I love bucktailing and was a huge fan of the Uncle Josh products. I’ve been hoarding the ones I still have since the company announced they would no longer be producing pork products in 2015.
In the years that followed, I’ve been looking for something besides synthetic strips. While it was nice to be able to leave the soft-plastic trailers on the hook between trips, they lacked the natural action of a pork rind trailer. Most of the time, natural materials have better action, and they have the added benefit of being biodegradable.
When I got into fly fishing, I noticed fishermen using chamois in their flies. Chamois is a soft, pliable “leather” made from goat skin that’s used for cleaning windows and cars. Natural chamois is often too thin for dressing bucktails and does not come in any colors, but when I was looking around at a local automotive store, I noticed artificial chamois. It had the thickness and feel of pork strips and came in a wide range of colors, so I bought some to fish during the 2017 fall run. I used it side by side with my remaining pork rinds and the striped bass didn’t seem to care.
Chamois is made to absorb water, and when it does, it gains the attributes of pork strips—the buoyancy and movement—that made them such effective trailers. Because most of the mass of chamois is water, it has a more fluid, natural action. And, because artificial chamois is designed for drying cars, it is a strong material. It also seems to have mesh reinforcement at its core.
The chamois I bought—called “The Absorber”—came in a 27- by 17-inch sheet and cost about $11. I made 170 5¼- by ½-inch strips out of the sheet, which works out to about 6.5 cents per trailer. In other words, you could make a lifetime’s supply of trailers for what a single jar of seven Uncle Josh trailers used to cost.
I have been using chamois trailers exclusively for a season and a half, and there is no doubt in my mind that they work as well as pork. Give them a try!
Artificial chamois is available in many bright colors. I primarily use red, but have also bought natural and aqua. Each sheet comes in a container packaged with some light moisture that makes the material easier to work with. When it dries out, it becomes rigid, making it necessary to wet it before cutting, which can be messy. So, keep it in the container.
- I measure out the 5¼- by ½-inch strips (of course, you can make them any size you like) and use a utility knife on a board that I can cut into.
- I begin by cutting out a 5¼- by 5-inch rectangle and place the rest of the sheet back in the container. Next, I cut out the half-inch strips.

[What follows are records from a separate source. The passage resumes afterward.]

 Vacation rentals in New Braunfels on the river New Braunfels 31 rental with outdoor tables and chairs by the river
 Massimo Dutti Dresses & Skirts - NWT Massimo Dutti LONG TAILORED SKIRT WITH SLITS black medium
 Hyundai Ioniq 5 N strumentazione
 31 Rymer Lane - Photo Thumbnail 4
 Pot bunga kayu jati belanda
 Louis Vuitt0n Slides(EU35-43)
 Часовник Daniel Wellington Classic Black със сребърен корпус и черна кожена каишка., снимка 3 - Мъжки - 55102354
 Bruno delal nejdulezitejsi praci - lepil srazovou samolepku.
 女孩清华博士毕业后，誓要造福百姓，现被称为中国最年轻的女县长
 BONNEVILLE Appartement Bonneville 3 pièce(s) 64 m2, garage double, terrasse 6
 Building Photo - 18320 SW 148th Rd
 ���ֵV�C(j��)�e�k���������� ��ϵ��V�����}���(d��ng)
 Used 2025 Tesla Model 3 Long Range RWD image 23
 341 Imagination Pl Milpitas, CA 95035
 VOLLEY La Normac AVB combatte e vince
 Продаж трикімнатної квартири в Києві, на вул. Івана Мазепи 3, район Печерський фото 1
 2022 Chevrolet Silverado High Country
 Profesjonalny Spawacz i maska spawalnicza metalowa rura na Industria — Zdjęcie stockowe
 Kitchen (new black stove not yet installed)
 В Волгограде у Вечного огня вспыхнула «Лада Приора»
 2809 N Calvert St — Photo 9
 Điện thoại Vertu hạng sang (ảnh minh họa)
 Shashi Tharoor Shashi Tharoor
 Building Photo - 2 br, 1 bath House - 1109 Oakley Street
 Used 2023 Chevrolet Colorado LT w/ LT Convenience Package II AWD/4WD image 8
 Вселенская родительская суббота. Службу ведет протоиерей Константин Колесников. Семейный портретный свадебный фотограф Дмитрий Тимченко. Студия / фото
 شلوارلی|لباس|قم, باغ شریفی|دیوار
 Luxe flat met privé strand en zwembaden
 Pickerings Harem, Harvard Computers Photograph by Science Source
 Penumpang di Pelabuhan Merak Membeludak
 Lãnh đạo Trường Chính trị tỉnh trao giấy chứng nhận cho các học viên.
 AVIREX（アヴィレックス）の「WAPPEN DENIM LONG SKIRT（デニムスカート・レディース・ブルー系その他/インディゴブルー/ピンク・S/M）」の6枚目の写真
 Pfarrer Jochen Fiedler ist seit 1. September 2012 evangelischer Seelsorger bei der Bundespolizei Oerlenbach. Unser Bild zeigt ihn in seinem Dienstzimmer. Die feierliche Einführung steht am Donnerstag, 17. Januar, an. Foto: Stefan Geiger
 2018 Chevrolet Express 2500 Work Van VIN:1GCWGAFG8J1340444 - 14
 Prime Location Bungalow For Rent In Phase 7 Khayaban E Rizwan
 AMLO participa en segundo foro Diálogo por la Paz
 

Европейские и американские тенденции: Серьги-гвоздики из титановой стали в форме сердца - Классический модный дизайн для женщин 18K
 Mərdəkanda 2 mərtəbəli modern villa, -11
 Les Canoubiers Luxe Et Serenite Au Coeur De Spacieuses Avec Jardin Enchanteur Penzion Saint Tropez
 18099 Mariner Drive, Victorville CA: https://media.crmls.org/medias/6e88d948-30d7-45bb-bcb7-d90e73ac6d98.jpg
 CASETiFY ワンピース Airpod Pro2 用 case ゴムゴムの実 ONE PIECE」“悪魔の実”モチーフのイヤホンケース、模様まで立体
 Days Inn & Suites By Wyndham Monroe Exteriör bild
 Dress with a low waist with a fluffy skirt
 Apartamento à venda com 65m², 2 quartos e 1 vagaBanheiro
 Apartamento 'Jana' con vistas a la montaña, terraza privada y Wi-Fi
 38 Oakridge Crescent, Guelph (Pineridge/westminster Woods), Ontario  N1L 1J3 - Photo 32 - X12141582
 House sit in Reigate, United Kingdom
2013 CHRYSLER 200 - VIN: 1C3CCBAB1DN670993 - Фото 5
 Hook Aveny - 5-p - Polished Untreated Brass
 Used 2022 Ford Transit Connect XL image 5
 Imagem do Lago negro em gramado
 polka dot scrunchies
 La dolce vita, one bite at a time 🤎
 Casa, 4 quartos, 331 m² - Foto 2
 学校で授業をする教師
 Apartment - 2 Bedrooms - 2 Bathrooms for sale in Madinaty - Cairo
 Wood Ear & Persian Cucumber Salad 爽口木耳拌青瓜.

When I taper the strips, I draw the knife to the tip of the tail. Keep the straight edge on the mass of the strip so that it doesn’t move around.
- I tried making each strip with a pre-made hook hole and even tried dipping the end in glue to make it more rigid, but in the end, the best method was simply to attach the strip to the jig and leave it on.
- There’s no need to remove the trailer at the end of the trip – it will last for many expeditions without reinforcement.